• **Exercise brief**: Would you transcribe the records below from the line with "Antique round farmhouse" to the line with "Yacht Photos Pics", ends included, exactly and with nothing more, leaving the pictures out?

• **Information**:
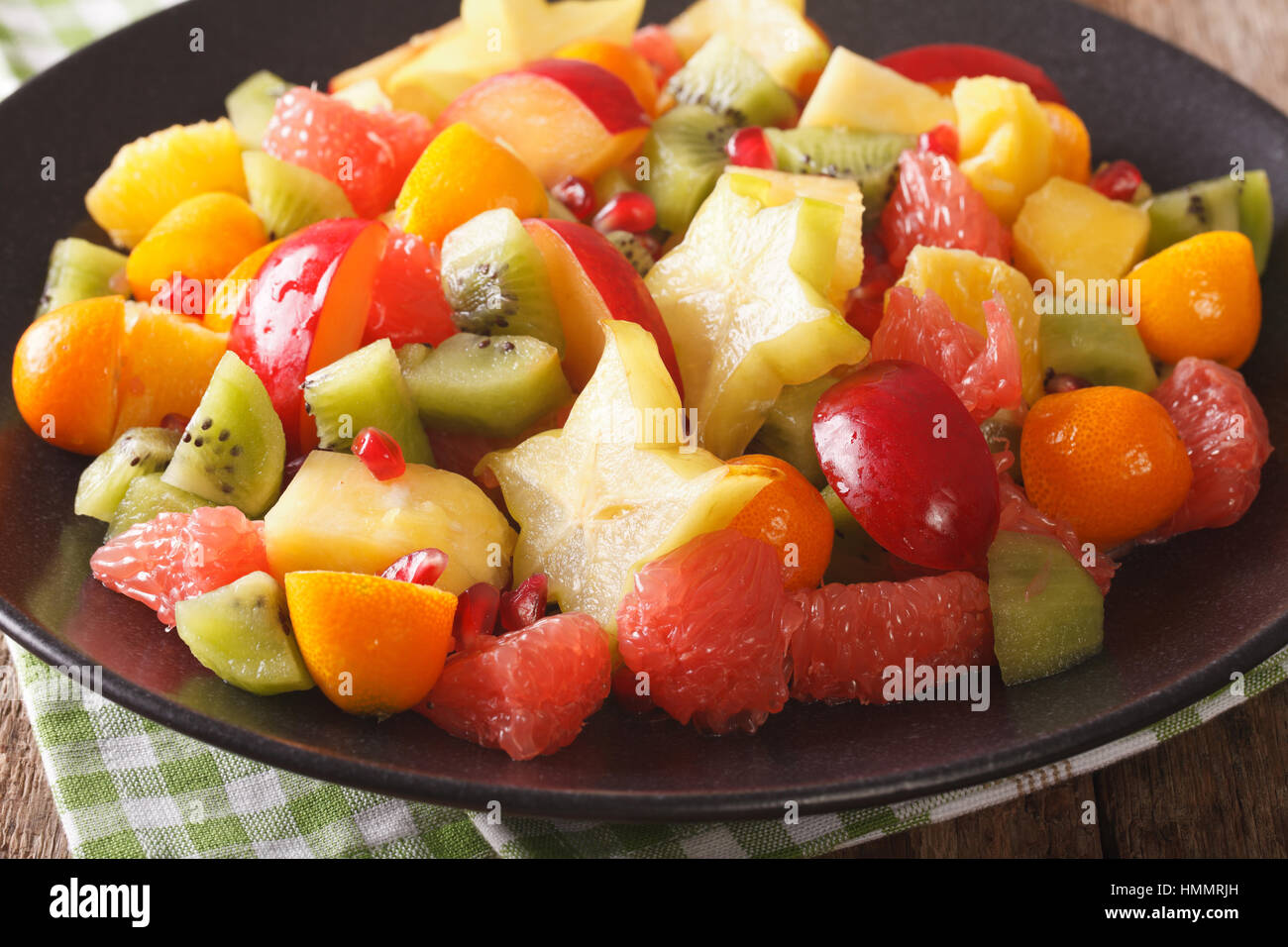 Fruit salad with orange, kumquat, pineapple, carambola, grapefruit, plum, pomegranate and kiwi close-up on a plate. horizontal Stock Photo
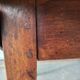 Antique round farmhouse table with drop-leaf doors in solid pegged wood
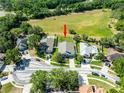 Aerial view of the home, situated on a spacious lot backing to a grassy field at 4007 Canter Ct, Valrico, FL 33596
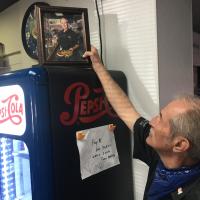 Marty Hall holds the framed photo Bill Edwards gave him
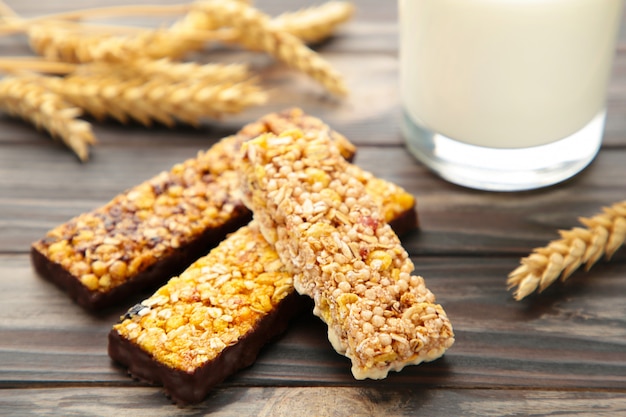 Healthy breakfast with granola bars and milk on brown wooden table.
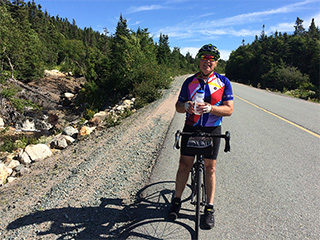Garry Knoll standing with his bicycle wearing a helmet and holding a water bottle on a road in the summer. 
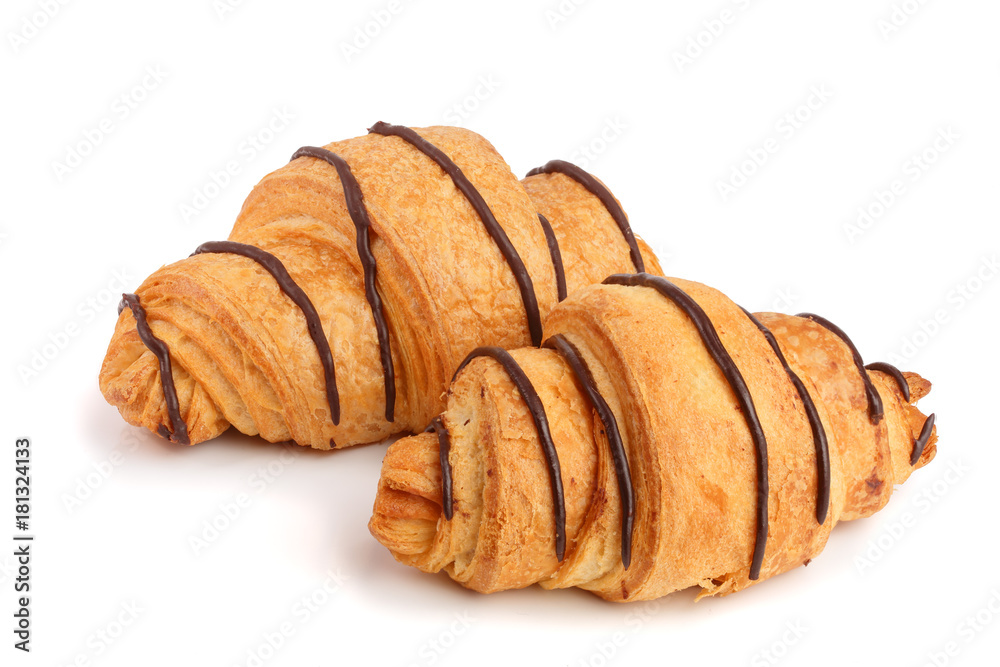 croissant decorated with chocolate sauce isolated on white background, top view croissant decorated with chocolate sauce isolated on white background, top view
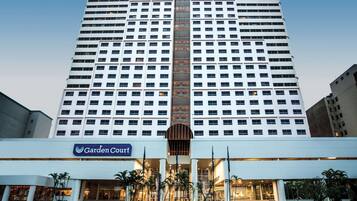 A high-rise hotel with a prominent central entrance, multiple floors, and a well-lit facade.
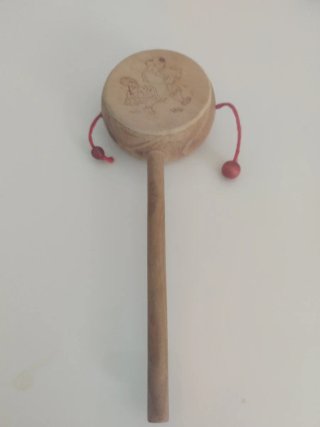 Tambor de madera con cuentas rojas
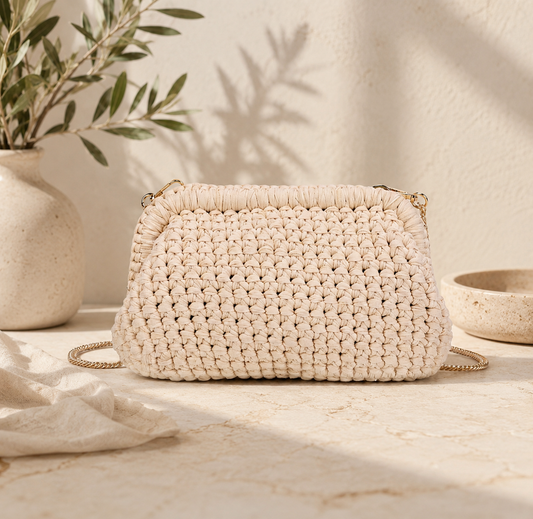 Woven handbag on a marble surface with a neutral background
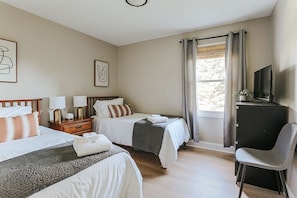 Une chambre d’hôtel avec deux lits, un bureau, une chaise et un téléviseur.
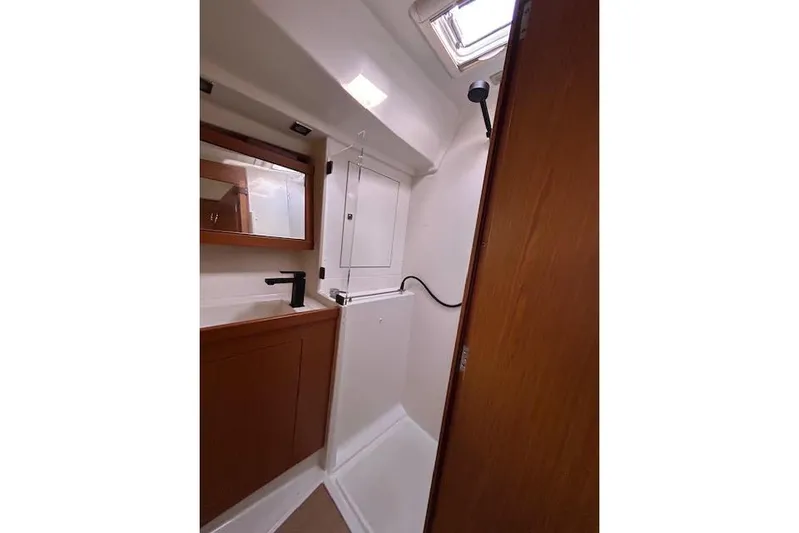  Yacht Photos Pics 2013 Beneteau Sense 46 yacht bathroom with shower, mirror, and wooden cabinetry.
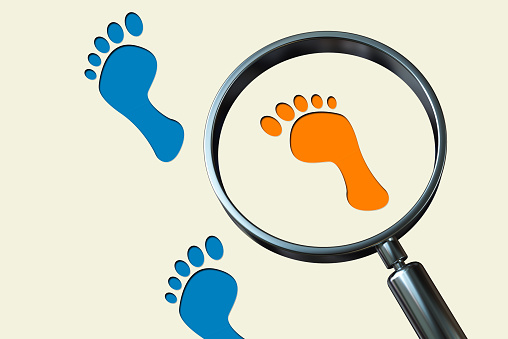 Magnifying glass , footprints background. Investigation and detective concept.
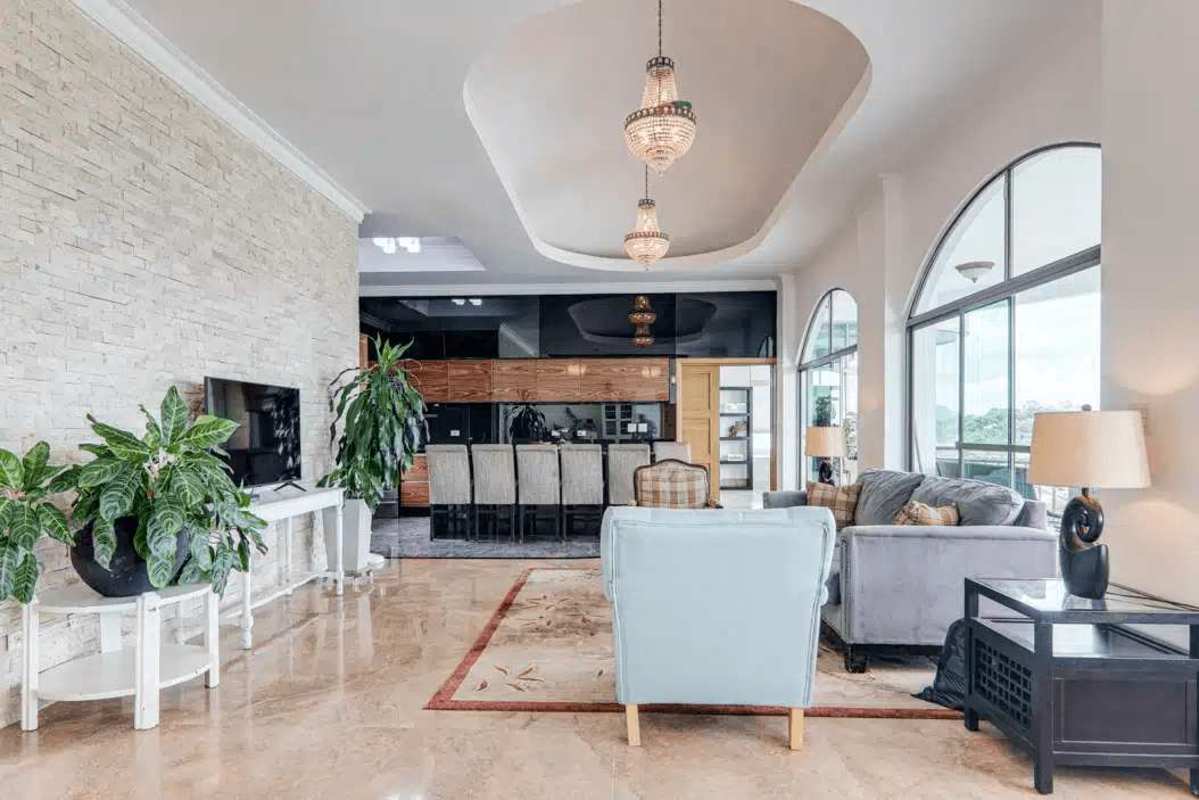 Spacious open living-dining area with water views penthouse at PH Amador Heights Panama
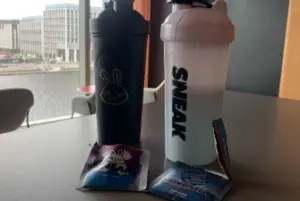 Two Sneak Shakers with two opened Sachets on a countertop to taste test for our Sneak Energy Review.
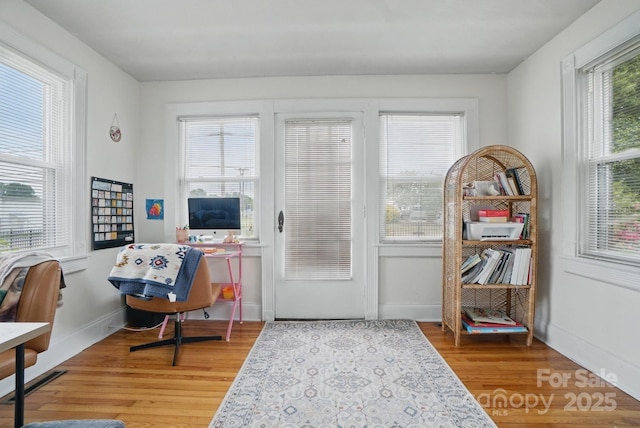 doorway to outside with light wood-style floors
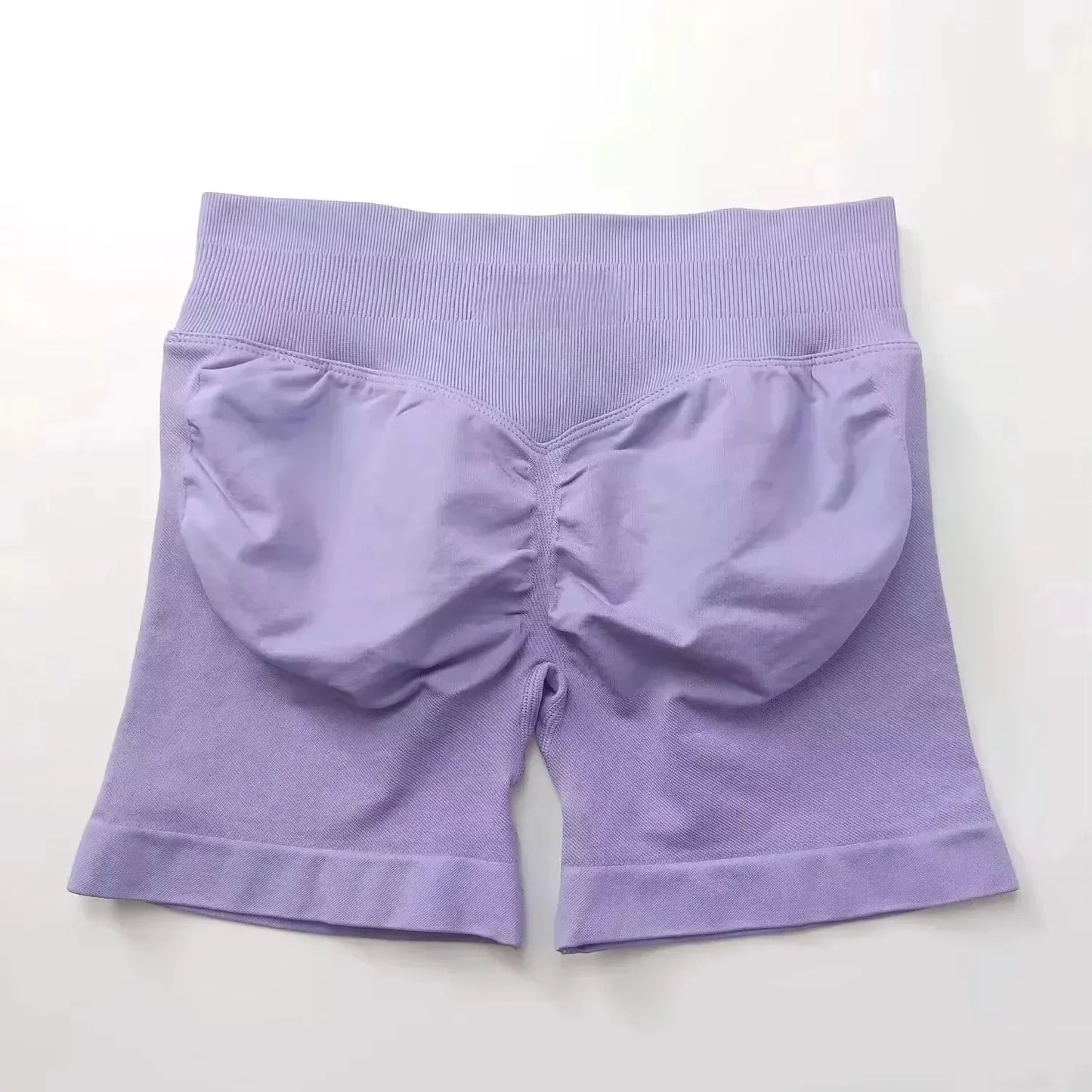 Pantalones cortos deportivos de yoga para mujer, de verano, con efecto piel de melocotón, con bolsillo en la cadera, cintura alta, levantamiento de cadera, secado rápido.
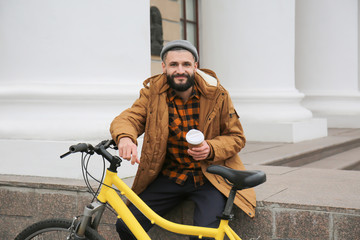 Poster - Attractive young hipster with cup of coffee and bicycle on city street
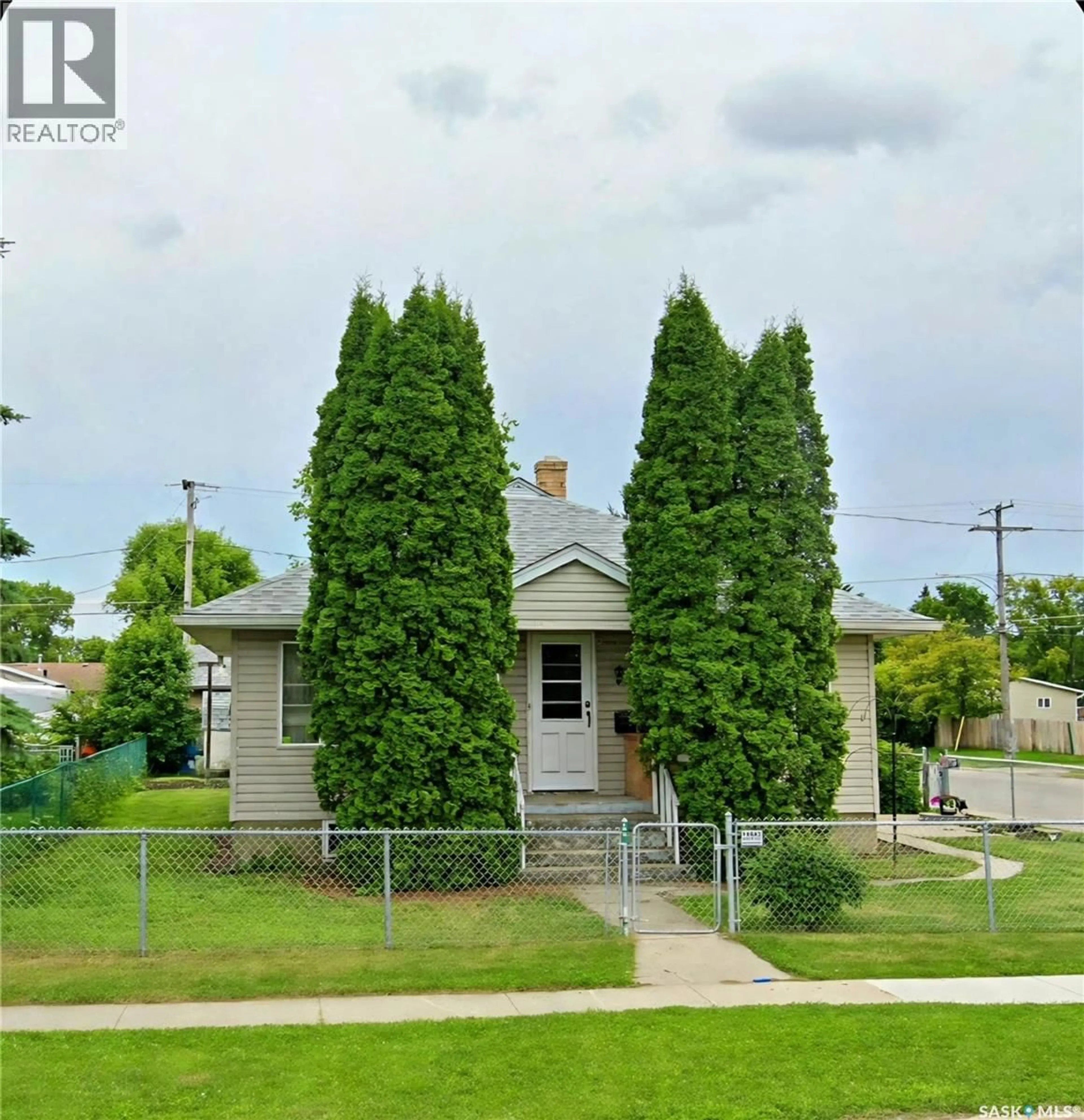 A pic from outside/outdoor area/front of a property/back of a property/a pic from drone, street for E - 805 4A STREET, Prince Albert Saskatchewan S6V0K6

• **Exercise answer**:
 Antique round farmhouse table with drop-leaf doors in solid pegged wood
 Aerial view of the home, situated on a spacious lot backing to a grassy field at 4007 Canter Ct, Valrico, FL 33596
 Marty Hall holds the framed photo Bill Edwards gave him
 Healthy breakfast with granola bars and milk on brown wooden table.
Garry Knoll standing with his bicycle wearing a helmet and holding a water bottle on a road in the summer. 
 croissant decorated with chocolate sauce isolated on white background, top view croissant decorated with chocolate sauce isolated on white background, top view
 A high-rise hotel with a prominent central entrance, multiple floors, and a well-lit facade.
 Tambor de madera con cuentas rojas
 Woven handbag on a marble surface with a neutral background
 Une chambre d’hôtel avec deux lits, un bureau, une chaise et un téléviseur.
  Yacht Photos Pics 2013 Beneteau Sense 46 yacht bathroom with shower, mirror, and wooden cabinetry.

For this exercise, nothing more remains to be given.